Starting at the line with "Boccsty Pink Christmas" and ending at the line with "Hibiscus Flower Herbal", print exactly the lines of the entries below. Pictures do not belong in the copy.

::: DATA FOR THIS EXERCISE

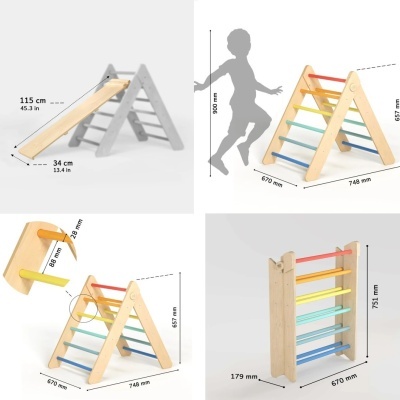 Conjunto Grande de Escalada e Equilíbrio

::::::
::: DATA FOR THIS EXERCISE

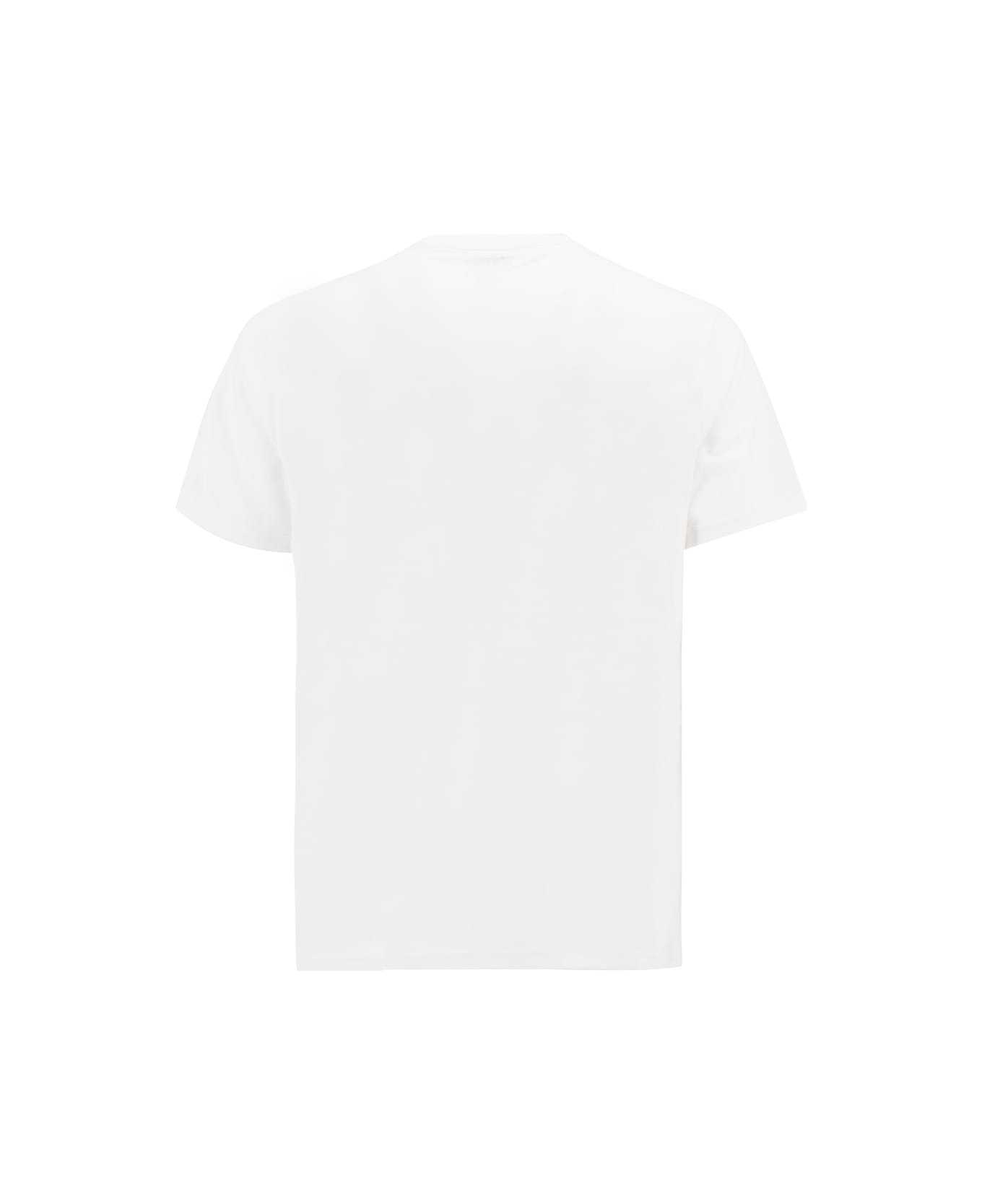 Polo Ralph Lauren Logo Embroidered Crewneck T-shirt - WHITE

::::::
::: DATA FOR THIS EXERCISE

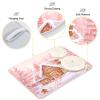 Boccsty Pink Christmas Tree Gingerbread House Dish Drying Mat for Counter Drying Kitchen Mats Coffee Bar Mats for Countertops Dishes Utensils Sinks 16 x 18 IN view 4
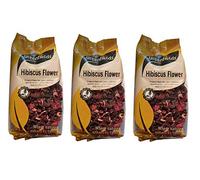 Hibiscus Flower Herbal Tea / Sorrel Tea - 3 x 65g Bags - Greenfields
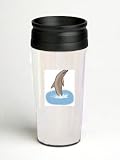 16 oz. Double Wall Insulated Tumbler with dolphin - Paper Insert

::::::

[ANSWER TO THIS TASK]:
 Boccsty Pink Christmas Tree Gingerbread House Dish Drying Mat for Counter Drying Kitchen Mats Coffee Bar Mats for Countertops Dishes Utensils Sinks 16 x 18 IN view 4
 Hibiscus Flower Herbal Tea / Sorrel Tea - 3 x 65g Bags - Greenfields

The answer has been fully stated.